Revue de presse : Article dans Le Figaro du 25/10/2010 : Polémique autour de la possible disparition des notes
L'arrivée de l'évaluation par compétences suscite des remous. Chez les enseignants et les parents.
Dans quelques années, les élèves ne seront peut-être plus évalués grâce à des notes chiffrées mais avec des smileys, ces petites têtes jaunes populaires sur Internet qui sourient, pleurent ou clignent de l'œil. Sans aller jusqu'à cette caricature qui existe néanmoins dans certaines écoles primaires, les habituels zéro ou dix en dictée sont en passe d'être remplacés par une évaluation par «compétences». Déjà répandue dans la majorité des écoles, cette évaluation détaillée dans un «livret de compétences» comporte des dizaines d'items, considérés comme «acquis», «pas acquis» ou «en cours d'acquisition» par l'enseignant. Il s'agit par exemple de savoir si l'élève «reconnaît le présent du futur», résout des «problèmes de longueur et de masse » ou «est sensible aux enjeux esthétiques d'un texte littéraire».
«C'est une révolution silencieuse», explique Jean-Michel Blanquer, le directeur général de l'enseignement scolaire, au ministère. Cette année, tous les collégiens de troisième sont censés être évalués de cette façon. C'est pourtant loin d'être le cas tant la résistance de certains enseignants à cette nouveauté est grande. Ils déplorent «le jargon» de certains items et le manque de précision de l'évaluation. «Je ne vois pas en quoi les mauvaises notes traumatisent les élèves, elles peuvent au contraire leur donner un coup de fouet et les motiver, détaille Joséphine Truil, professeure de physique en région parisienne. Le problème avec l'abandon des notes, c'est que les parents ne savent plus comment situer leur enfant. Certains pensent qu'il est très fort en sciences, alors que les compétences principales du carnet ne sont pas validées.»
Le système demande en revanche «trois fois plus de temps en correction». Autre écueil pour les enseignants, la mise en place des fameux «carnets» impose des réunions «incessantes» pour que tous se mettent d'accord sur la signification des items et les valident ensuite ensemble. Il n'est plus possible de remplir chacun sa moyenne trimestrielle de son côté. «Déroutée au départ», Stéphanie, professeur de lettres, à Nice, reconnaît néanmoins que certains élèves se sentent «plus encouragés et valorisés. Ils progressent, car ils savent après chaque évaluation quelle est la compétence à retravailler. Pour eux, c'est plus précis qu'une note». Ils ont aussi «arrêté de se focaliser sur le demi-point qui leur manquait et qui me faisait perdre un temps précieux».

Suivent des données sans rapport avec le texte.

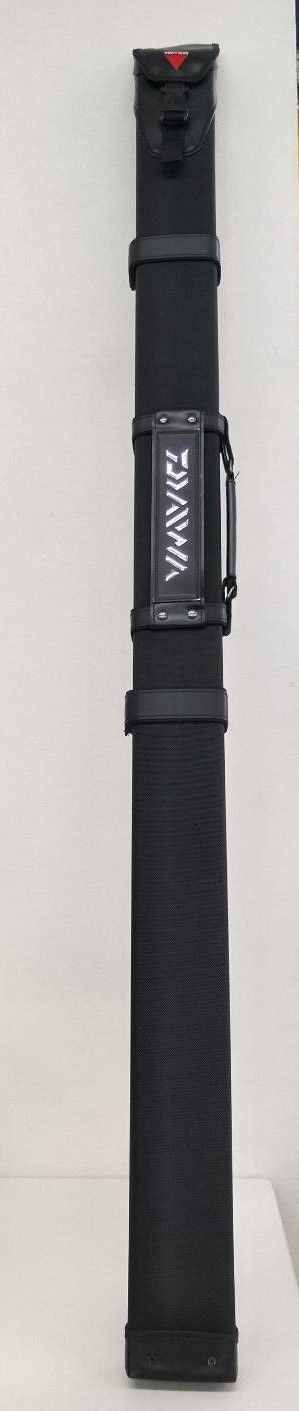 POWER SPECIAL V 鮎竿 専用ケース付き DAIWA（釣り） ダイワ プロバイザー 鮎 ロッドケース 150P （G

Différents d'une école à l'autre
Mis à part le Sgen et l'Unsa, les syndicats d'enseignants sont sceptiques. «On demande au ministre de suspendre l'instauration de ce machin », s'exclame Roland Hubert, responsable de la pédagogie au Snes, principal syndicat des enseignants du secondaire, qui recommande à ces derniers de boycotter les évaluations : «Comment voulez-vous, par exemple, évaluer des compétences sur le savoir-être ? Cela n'a aucun intérêt. Les carnets sont par ailleurs différents d'une école à l'autre, d'un collège à l'autre, comment les comparer ?»
Certes, l'OCDE et l'Union européenne recommandent une telle évaluation. Et nombre de pays se sont engagés sur cette voie. Mais si ce système par «compétences » fonctionne bien en Finlande, tel n'est pas le cas du Québec ou de la Suisse. Selon un rapport de l'inspection générale datant de 2007, «la suppression du mode traditionnel d'évaluation dans ces pays a suscité des réactions fortes, aussi bien chez les parents, les enseignants que chez les simples citoyens ; réactions qui traduisent tout à la fois le sentiment de ne plus comprendre les objectifs de l'école, de ne plus maîtriser les attentes de l'institution envers les enfants, et la crainte de voir vaciller un ensemble qui sert de repère solide à toute une société».
Jean-Michel Blanquer balaye ces objections car «les phases d'adaptation sont toujours longues dans l'éducation nationale», rappelle-t-il, «nous souhaitons simplement une approche de l'évaluation plus constructive et individualisée qu'aujourd'hui. L'approche n'est pas moins exigeante et nous ne voulons pas la mort des notes, elles sont complémentaires».